Sistem dalam demokrasi perwakilan ini terkooptasi. Karena itu, berjalannya pemerintahan, tampaknya tidak terkait dengan kepentingan umum rakyat (volonté générale). Menurut perspektif kritis, keterpanggilan politik praktis, terutama bagi para calon pejabat, bergerak menuju pemenuhan kepentingan elit, bukan memperbaiki hajat hidup rakyat.  

Pilihan yang Sulit

Tentu dalam kondisi di mana demokrasi di tanah air tampaknya berjalan tanpa melibatkan demos, akan sulit menentukan pilihan dalam pemilu nanti. Tapi di antara ketiga calon presiden yang ada, misalnya, semuanya menjanjikan akan bekerja demi rakyat. Meskipun hal ini tampak sebagai hal yang bersifat jargonik ketimbang pembangunan demokrasi yang substantif, hal itu patut diapresiasi.
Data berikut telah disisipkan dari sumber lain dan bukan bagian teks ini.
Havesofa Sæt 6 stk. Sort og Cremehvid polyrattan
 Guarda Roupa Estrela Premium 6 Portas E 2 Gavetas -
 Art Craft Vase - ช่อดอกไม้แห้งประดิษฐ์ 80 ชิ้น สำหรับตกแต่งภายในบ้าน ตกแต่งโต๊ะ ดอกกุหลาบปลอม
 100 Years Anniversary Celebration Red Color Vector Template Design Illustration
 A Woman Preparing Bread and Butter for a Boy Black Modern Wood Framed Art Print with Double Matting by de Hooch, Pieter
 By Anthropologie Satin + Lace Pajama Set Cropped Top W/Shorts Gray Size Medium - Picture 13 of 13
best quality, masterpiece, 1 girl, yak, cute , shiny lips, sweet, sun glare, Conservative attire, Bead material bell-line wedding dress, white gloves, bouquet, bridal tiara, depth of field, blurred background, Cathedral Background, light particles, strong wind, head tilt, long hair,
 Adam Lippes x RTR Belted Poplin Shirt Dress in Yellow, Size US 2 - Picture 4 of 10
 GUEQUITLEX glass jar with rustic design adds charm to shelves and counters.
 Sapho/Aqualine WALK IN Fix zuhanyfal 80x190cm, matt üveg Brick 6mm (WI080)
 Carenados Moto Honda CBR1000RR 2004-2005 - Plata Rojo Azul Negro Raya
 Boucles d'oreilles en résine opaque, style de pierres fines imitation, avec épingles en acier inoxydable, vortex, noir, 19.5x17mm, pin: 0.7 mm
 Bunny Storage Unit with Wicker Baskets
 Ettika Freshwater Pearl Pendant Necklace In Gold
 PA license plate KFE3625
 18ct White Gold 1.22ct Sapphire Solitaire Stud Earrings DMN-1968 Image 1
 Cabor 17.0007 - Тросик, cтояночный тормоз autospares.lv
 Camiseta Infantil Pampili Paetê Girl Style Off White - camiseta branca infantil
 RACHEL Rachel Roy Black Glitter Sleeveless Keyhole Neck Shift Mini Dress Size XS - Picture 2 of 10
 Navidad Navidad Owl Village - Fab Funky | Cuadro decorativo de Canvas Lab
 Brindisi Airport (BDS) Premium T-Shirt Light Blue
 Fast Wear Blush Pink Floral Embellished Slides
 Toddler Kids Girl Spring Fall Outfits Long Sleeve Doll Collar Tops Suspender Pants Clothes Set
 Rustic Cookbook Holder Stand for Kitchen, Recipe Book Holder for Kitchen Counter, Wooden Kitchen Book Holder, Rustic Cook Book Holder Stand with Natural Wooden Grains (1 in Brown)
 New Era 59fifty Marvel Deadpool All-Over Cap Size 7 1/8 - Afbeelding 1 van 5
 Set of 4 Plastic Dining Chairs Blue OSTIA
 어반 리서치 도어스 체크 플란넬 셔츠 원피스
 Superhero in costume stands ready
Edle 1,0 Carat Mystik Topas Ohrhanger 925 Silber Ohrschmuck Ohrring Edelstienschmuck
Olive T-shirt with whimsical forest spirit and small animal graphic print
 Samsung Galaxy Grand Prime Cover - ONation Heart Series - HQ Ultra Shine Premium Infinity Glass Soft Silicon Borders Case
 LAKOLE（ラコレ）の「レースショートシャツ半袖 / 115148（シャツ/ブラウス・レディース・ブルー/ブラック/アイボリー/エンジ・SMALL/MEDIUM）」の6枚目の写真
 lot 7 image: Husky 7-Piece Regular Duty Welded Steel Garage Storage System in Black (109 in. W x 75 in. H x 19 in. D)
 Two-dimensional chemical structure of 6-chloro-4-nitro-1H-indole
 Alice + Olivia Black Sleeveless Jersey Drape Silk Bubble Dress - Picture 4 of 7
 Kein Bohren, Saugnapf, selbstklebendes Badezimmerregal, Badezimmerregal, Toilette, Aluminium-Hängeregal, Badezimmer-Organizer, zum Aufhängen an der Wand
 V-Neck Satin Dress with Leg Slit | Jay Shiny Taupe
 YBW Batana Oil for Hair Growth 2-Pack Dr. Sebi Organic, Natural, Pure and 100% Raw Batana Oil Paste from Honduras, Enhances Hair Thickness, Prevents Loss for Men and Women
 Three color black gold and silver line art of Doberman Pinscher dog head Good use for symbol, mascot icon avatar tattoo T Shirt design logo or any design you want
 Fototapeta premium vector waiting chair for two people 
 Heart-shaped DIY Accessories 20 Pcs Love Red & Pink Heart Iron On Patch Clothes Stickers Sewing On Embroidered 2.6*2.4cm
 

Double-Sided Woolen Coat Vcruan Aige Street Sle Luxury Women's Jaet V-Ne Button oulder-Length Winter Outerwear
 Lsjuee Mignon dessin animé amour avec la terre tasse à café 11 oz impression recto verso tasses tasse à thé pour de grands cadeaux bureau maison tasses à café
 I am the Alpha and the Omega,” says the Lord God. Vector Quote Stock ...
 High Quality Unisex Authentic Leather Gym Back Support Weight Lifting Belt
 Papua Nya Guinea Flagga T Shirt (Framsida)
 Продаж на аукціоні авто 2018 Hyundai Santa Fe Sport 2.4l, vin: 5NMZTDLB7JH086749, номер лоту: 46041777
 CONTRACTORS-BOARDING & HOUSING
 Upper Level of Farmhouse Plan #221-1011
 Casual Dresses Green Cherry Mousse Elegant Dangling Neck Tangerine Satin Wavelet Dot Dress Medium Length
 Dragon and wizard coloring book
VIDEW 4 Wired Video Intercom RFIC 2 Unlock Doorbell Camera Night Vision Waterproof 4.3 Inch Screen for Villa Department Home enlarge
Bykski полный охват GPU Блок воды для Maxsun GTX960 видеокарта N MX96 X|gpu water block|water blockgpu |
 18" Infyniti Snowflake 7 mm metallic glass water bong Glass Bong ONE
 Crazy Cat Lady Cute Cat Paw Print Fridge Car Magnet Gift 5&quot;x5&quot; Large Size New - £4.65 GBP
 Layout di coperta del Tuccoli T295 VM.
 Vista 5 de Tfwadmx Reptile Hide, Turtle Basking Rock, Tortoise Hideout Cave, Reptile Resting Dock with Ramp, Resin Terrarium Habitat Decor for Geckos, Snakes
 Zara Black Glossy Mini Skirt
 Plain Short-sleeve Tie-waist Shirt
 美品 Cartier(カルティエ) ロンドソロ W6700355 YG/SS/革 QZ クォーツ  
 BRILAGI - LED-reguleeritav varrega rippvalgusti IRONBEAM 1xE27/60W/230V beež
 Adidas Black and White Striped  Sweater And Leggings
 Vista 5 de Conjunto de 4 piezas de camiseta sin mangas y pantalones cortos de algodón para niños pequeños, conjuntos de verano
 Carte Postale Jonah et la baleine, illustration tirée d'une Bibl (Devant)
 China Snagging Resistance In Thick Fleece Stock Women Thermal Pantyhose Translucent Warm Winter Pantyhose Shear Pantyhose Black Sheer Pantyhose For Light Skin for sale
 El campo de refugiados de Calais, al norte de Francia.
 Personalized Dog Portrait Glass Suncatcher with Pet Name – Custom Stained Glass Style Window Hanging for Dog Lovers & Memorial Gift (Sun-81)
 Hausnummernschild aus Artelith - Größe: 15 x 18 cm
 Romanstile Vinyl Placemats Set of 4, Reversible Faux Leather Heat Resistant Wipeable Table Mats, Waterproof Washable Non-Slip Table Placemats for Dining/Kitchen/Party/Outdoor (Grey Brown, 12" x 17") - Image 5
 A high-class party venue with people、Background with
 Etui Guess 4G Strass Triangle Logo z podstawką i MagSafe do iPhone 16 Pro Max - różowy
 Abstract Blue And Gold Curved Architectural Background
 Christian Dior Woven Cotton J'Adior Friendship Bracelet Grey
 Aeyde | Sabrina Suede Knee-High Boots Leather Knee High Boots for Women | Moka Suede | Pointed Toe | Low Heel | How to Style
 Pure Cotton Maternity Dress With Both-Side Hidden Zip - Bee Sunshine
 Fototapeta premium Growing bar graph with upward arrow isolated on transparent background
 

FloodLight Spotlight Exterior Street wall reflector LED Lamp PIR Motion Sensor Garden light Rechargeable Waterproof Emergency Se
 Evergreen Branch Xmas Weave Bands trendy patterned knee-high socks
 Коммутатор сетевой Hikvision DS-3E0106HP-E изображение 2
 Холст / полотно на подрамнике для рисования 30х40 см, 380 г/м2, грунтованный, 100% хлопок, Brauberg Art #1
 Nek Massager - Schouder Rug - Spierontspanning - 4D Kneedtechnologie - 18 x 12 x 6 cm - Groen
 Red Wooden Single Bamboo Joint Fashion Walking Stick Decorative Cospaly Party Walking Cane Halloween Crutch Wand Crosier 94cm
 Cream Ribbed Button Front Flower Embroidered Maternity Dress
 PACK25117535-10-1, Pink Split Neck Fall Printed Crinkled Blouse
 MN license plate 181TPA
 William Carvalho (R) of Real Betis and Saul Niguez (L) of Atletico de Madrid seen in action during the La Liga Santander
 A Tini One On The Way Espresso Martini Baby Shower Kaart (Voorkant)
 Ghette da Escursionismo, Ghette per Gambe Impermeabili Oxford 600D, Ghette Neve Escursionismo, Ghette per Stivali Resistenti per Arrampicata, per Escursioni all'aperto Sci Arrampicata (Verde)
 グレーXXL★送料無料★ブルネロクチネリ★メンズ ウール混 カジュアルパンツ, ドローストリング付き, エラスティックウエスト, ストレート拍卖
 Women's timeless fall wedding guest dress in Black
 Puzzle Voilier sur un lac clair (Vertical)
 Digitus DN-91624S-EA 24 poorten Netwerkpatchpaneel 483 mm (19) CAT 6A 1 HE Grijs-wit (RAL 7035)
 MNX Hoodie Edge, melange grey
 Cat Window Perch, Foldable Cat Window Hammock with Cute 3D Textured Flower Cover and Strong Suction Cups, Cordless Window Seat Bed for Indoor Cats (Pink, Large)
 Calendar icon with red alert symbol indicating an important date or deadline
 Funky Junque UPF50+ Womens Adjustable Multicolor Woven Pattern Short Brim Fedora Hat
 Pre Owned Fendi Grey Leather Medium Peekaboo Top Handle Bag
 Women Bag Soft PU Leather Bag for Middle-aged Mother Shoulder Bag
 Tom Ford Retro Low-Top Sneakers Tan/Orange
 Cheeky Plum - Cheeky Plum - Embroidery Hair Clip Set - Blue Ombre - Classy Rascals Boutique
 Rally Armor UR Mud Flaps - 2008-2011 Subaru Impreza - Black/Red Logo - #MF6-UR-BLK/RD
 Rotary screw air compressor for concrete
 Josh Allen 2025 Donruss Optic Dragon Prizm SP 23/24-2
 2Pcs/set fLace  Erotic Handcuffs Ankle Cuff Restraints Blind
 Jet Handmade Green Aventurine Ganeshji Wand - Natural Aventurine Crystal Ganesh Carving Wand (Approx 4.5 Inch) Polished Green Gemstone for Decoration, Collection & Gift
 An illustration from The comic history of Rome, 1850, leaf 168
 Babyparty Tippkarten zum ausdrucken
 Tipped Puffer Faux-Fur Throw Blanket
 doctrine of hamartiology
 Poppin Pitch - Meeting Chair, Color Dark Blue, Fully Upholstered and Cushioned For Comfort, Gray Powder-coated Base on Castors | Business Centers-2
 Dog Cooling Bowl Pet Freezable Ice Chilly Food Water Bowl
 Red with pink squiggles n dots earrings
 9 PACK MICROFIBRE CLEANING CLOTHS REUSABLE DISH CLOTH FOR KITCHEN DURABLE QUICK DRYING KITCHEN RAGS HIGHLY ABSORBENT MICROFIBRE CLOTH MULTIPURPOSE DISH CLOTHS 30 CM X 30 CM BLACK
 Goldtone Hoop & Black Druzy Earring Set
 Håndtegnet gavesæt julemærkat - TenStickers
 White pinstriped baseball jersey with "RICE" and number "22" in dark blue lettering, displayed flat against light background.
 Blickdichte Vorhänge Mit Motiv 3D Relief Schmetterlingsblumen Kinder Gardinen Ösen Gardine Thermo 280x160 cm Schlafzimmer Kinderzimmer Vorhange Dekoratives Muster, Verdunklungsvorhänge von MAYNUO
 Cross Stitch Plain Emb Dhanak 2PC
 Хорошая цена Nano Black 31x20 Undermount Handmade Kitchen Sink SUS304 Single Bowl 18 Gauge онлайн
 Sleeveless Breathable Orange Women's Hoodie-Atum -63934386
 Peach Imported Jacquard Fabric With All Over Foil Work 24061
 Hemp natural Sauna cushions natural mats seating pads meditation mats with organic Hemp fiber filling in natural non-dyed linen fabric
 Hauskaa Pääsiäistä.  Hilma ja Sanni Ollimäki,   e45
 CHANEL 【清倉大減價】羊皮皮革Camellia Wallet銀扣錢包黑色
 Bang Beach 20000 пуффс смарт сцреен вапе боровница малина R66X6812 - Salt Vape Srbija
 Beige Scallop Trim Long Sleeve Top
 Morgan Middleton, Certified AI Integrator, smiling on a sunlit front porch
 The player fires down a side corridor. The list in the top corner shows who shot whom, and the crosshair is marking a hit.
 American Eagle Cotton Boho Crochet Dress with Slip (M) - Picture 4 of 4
Baca Juga  NU dan Muhammadiyah: Kadang Mesra, Kadang Renggang

Pasangan calon presiden dan wakil presiden Anies Baswedan dan Muhaimin Iskandar misalnya, berkomitmen untuk memprioritaskan kesejahteraan rakyat dan akan menjamin kebebasan berpikir, berpendapat dan berekspresi. Dengan jargon popular, “Wakanda no more, Indonesia forever”, mereka hendak mengevaluasi perilaku otoritarian dan despotik elit terhadap rakyat yang menyampaikan aspirasi kritisnya. 

Sedangkan Prabowo Subianto dan Gibran Rakabuming, berjanji akan melanjutkan kebijakan pembangunan Presiden Jokowi yang mereka anggap mampu menjaga stabilitas ekonomi dan politik sekaligus. Dengan meningkatkan pembangunan ekonomi makro, mereka berharap akan berdampak pada meningkatnya kesejahteraan rakyat.

Sementara itu, Ganjar Pranowo dan Mahfud MD mencitrakan diri mereka sebagai teknokrat yang siap dan sigap melayani rakyat. Bahkan, slogan politik mereka merupakan simbolisasi dari perilaku bekerja cepat dan tuntas (sat set tas tes) untuk kepentingan rakyat.

Jelas, ketiganya menjanjikan sesuatu yang menguntungkan bagi rakyat. Rakyat adalah “bahasa bersama” bagi para pemain politik praktis yang diekspresikan melalui narasi dan retorika yang berbeda-beda dalam kampanye mereka. Namun, berdasarkan pengalaman yang ada, realisasi janji politik dan kepentingan rakyat yang sebenarnya, dianggap sebagai soal lain.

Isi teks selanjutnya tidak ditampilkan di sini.